II. Nous possédons certaines connaissances a priori, et même le sens commun n’est jamais sans en avoir de telles.

Il nous faut maintenant un critérium qui permette de distinguer sûrement une connaissance pure de la connaissance empirique. L’expérience nous apprend bien que quelque chose est de telle ou telle manière, mais non point que cela ne peut être autrement. Si donc, PREMIÈREMENT, on trouve une proposition dont la pensée implique la nécessité, on a un jugement a priori ; si cette proposition n’est, en outre, dérivée que d’une autre qui vaut elle-même, à son tour, à titre de proposition nécessaire, elle est absolument a priori. SECONDEMENT, l’expérience ne donne jamais à ses jugements une véritable et stricte universalité, mais seulement une universalité supposée et relative (par induction), qui n’a pas d’autre sens que celui-ci : nos observations, pour nombreuses qu’elles aient été jusqu’ici, n’ont jamais trouvé d’exception à telle ou telle règle.
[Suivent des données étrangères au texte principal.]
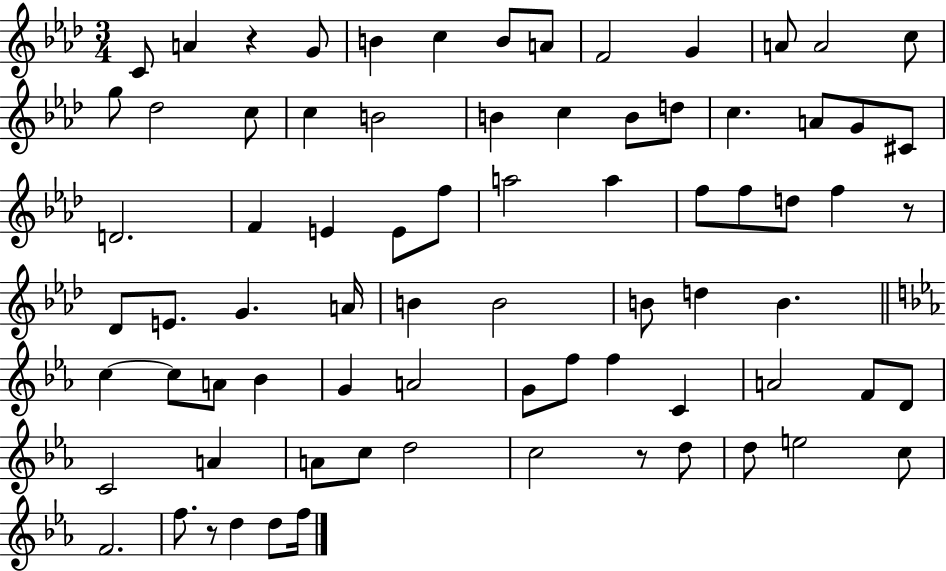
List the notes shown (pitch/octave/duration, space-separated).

C4/e A4/q R/q G4/e B4/q C5/q B4/e A4/e F4/h G4/q A4/e A4/h C5/e G5/e Db5/h C5/e C5/q B4/h B4/q C5/q B4/e D5/e C5/q. A4/e G4/e C#4/e D4/h. F4/q E4/q E4/e F5/e A5/h A5/q F5/e F5/e D5/e F5/q R/e Db4/e E4/e. G4/q. A4/s B4/q B4/h B4/e D5/q B4/q. C5/q C5/e A4/e Bb4/q G4/q A4/h G4/e F5/e F5/q C4/q A4/h F4/e D4/e C4/h A4/q A4/e C5/e D5/h C5/h R/e D5/e D5/e E5/h C5/e F4/h. F5/e. R/e D5/q D5/e F5/s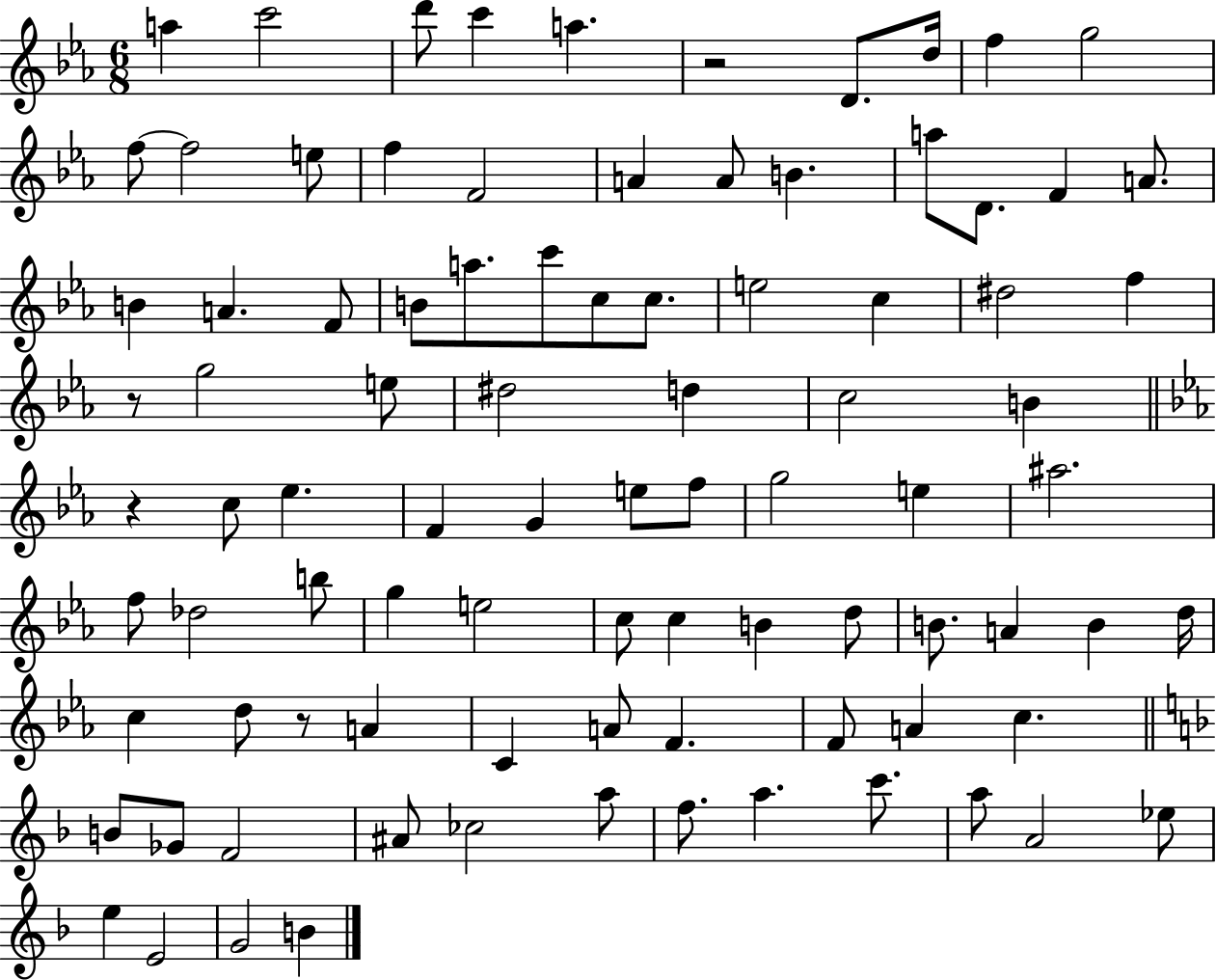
A5/q C6/h D6/e C6/q A5/q. R/h D4/e. D5/s F5/q G5/h F5/e F5/h E5/e F5/q F4/h A4/q A4/e B4/q. A5/e D4/e. F4/q A4/e. B4/q A4/q. F4/e B4/e A5/e. C6/e C5/e C5/e. E5/h C5/q D#5/h F5/q R/e G5/h E5/e D#5/h D5/q C5/h B4/q R/q C5/e Eb5/q. F4/q G4/q E5/e F5/e G5/h E5/q A#5/h. F5/e Db5/h B5/e G5/q E5/h C5/e C5/q B4/q D5/e B4/e. A4/q B4/q D5/s C5/q D5/e R/e A4/q C4/q A4/e F4/q. F4/e A4/q C5/q. B4/e Gb4/e F4/h A#4/e CES5/h A5/e F5/e. A5/q. C6/e. A5/e A4/h Eb5/e E5/q E4/h G4/h B4/q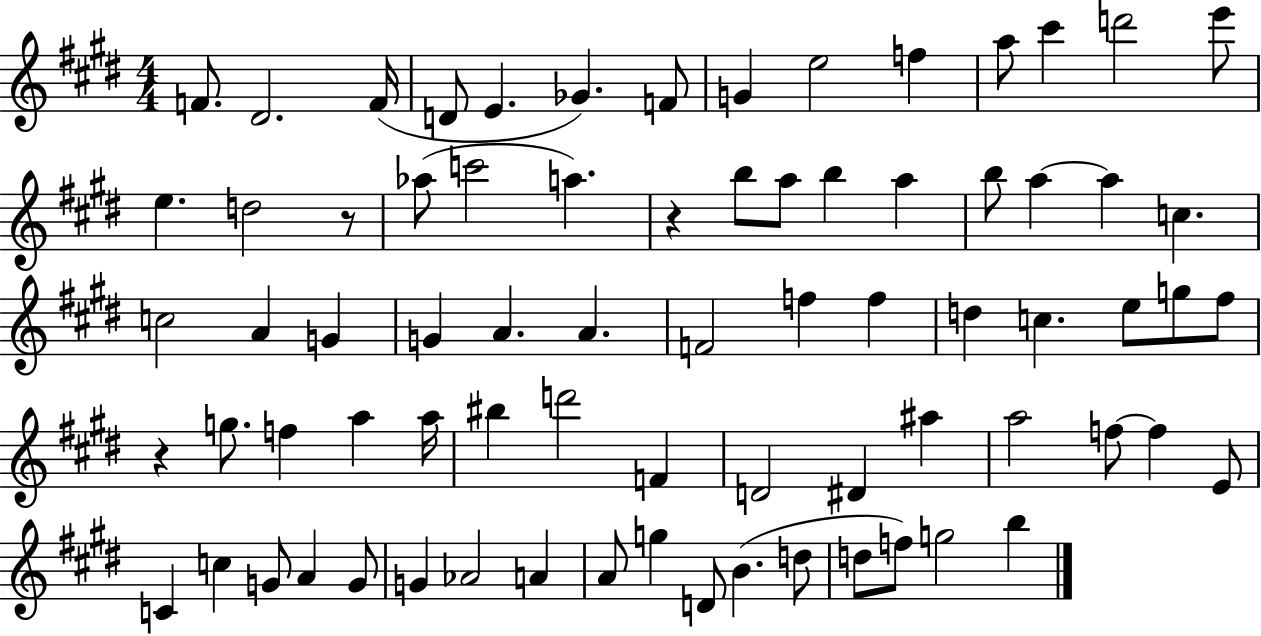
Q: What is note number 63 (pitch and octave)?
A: A4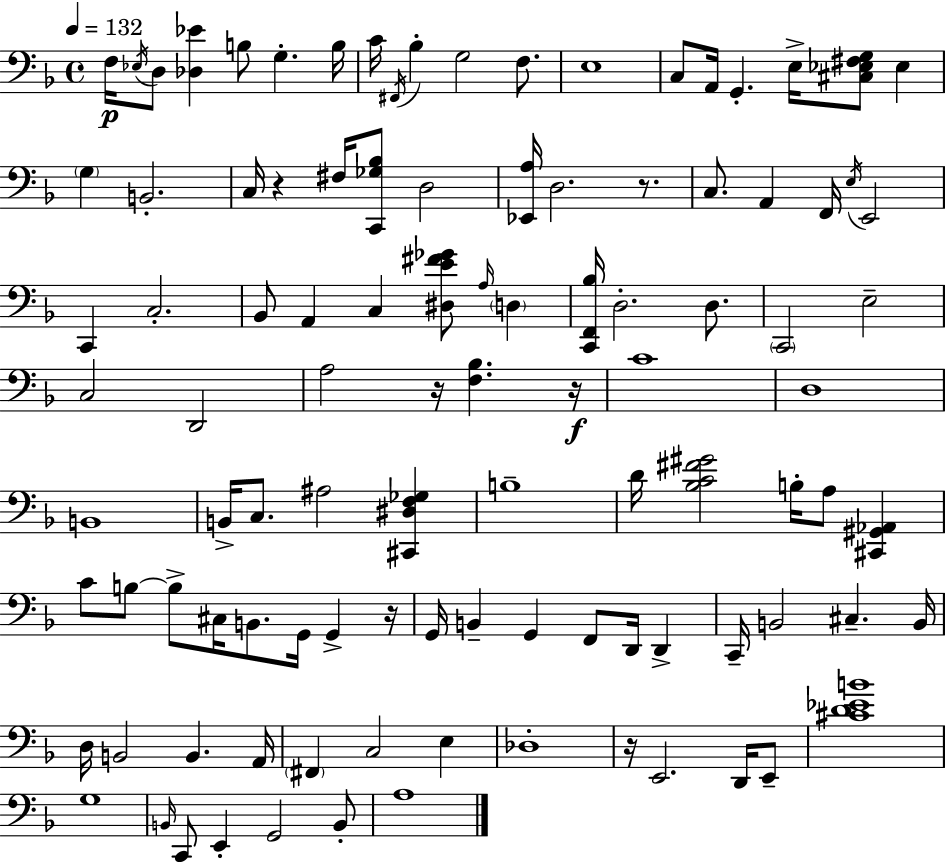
X:1
T:Untitled
M:4/4
L:1/4
K:F
F,/4 _E,/4 D,/2 [_D,_E] B,/2 G, B,/4 C/4 ^F,,/4 _B, G,2 F,/2 E,4 C,/2 A,,/4 G,, E,/4 [^C,_E,^F,G,]/2 _E, G, B,,2 C,/4 z ^F,/4 [C,,_G,_B,]/2 D,2 [_E,,A,]/4 D,2 z/2 C,/2 A,, F,,/4 E,/4 E,,2 C,, C,2 _B,,/2 A,, C, [^D,E^F_G]/2 A,/4 D, [C,,F,,_B,]/4 D,2 D,/2 C,,2 E,2 C,2 D,,2 A,2 z/4 [F,_B,] z/4 C4 D,4 B,,4 B,,/4 C,/2 ^A,2 [^C,,^D,F,_G,] B,4 D/4 [_B,C^F^G]2 B,/4 A,/2 [^C,,^G,,_A,,] C/2 B,/2 B,/2 ^C,/4 B,,/2 G,,/4 G,, z/4 G,,/4 B,, G,, F,,/2 D,,/4 D,, C,,/4 B,,2 ^C, B,,/4 D,/4 B,,2 B,, A,,/4 ^F,, C,2 E, _D,4 z/4 E,,2 D,,/4 E,,/2 [^CD_EB]4 G,4 B,,/4 C,,/2 E,, G,,2 B,,/2 A,4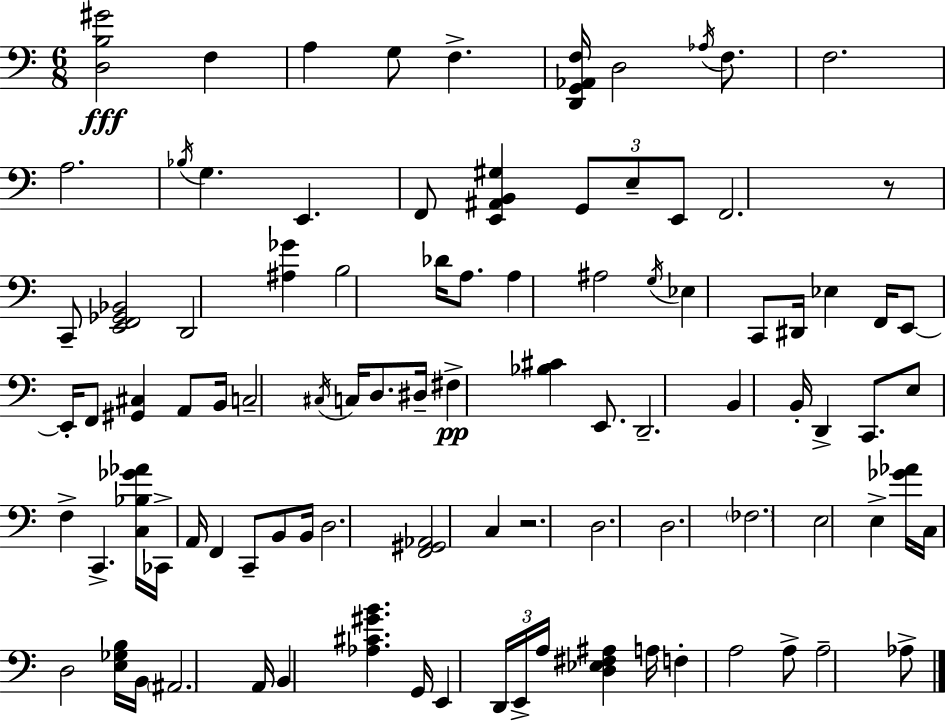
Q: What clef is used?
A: bass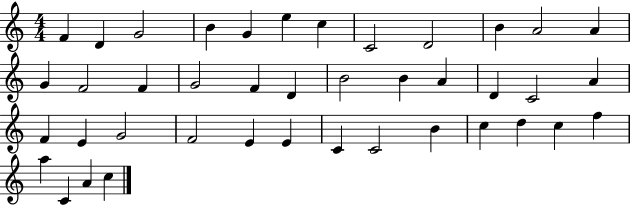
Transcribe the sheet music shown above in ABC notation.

X:1
T:Untitled
M:4/4
L:1/4
K:C
F D G2 B G e c C2 D2 B A2 A G F2 F G2 F D B2 B A D C2 A F E G2 F2 E E C C2 B c d c f a C A c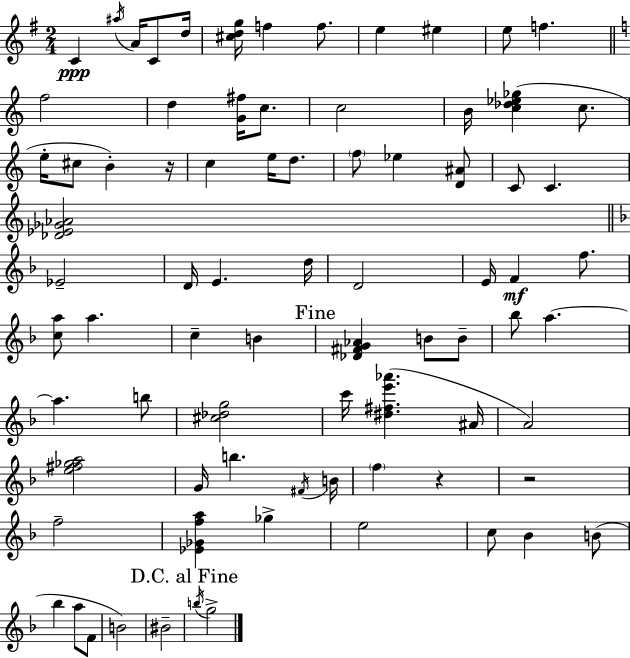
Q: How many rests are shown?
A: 3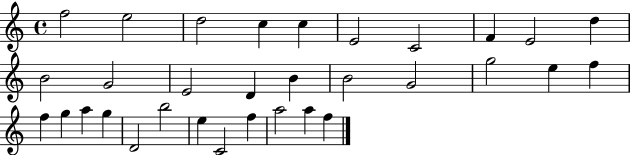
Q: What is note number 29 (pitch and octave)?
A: F5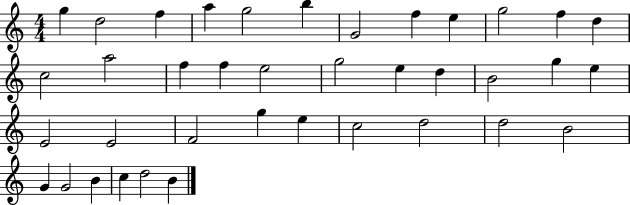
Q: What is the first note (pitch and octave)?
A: G5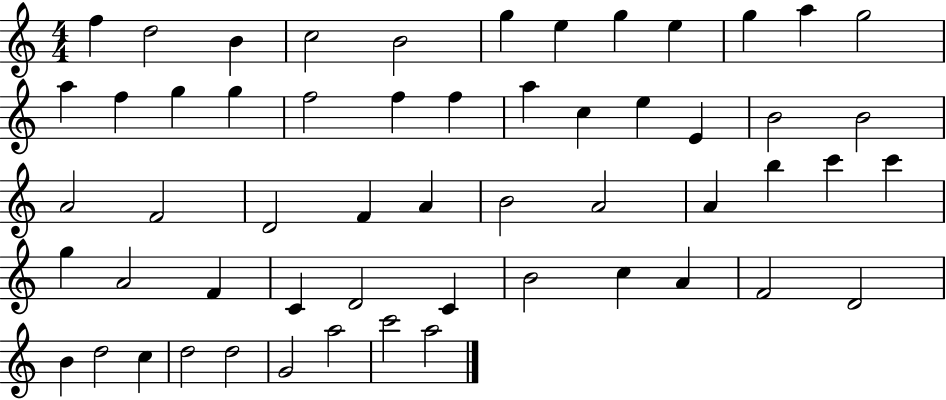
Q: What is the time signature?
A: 4/4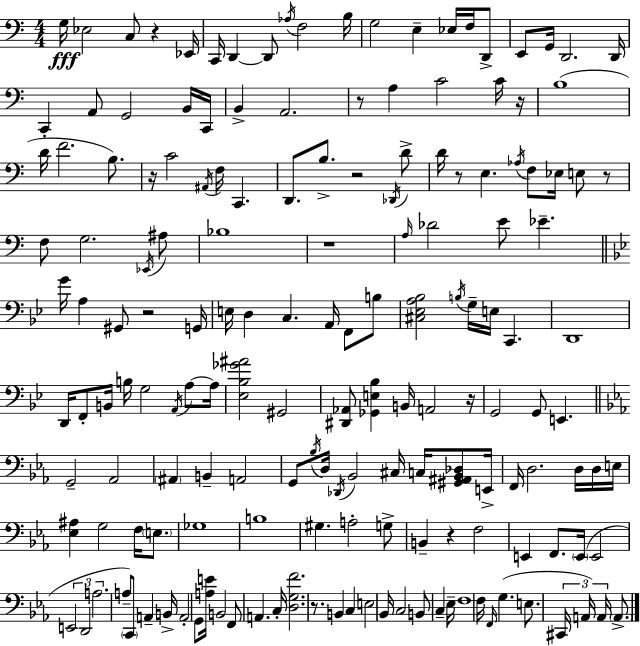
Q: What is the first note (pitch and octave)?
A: G3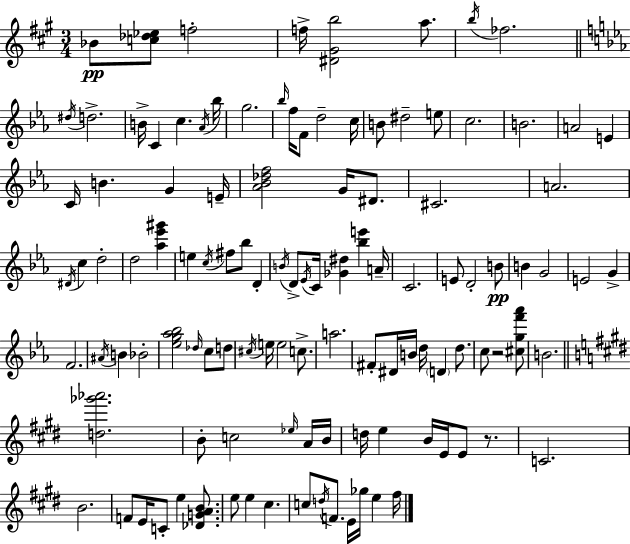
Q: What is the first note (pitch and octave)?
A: Bb4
Par conséquent, un jugement pensé avec une stricte universalité, c’est-à-dire, de telle sorte qu’aucune exception n’est admise comme possible, ne dérive point de l’expérience, mais est valable absolument a priori. L’universalité empirique n’est donc qu’une élévation arbitraire de la valeur ; on l’ait d’une règle valable dans la plupart des cas une loi qui s’applique à tous, comme, par exemple, dans la proposition : Tous les corps sont pesants. Quand, au contraire, un jugement possède essentiellement une stricte universalité, on connaît à cela qu’il provient d’une source particulière de la connaissance, d’un pouvoir de connaissance a priori. Nécessité et stricte universalité sont donc les marques sûres d’une connaissance a priori et elles sont indissolublement unies l’une à l’autre. Mais comme, dans l’application de ces critères[1], il est quelquefois plus facile de montrer la limitation empirique que la contingence des jugements, ou que parfois aussi il est plus convaincant de faire voir, d’un jugement, l’universalité illimitée que nous lui attribuons que d’en indiquer la nécessité, il convient d’employer séparément ces deux critères dont chacun par lui-même est infaillible (1).

Or, que des jugements de cette espèce, nécessaires et universels

  1. Derselben, ou de ces connaissances a priori.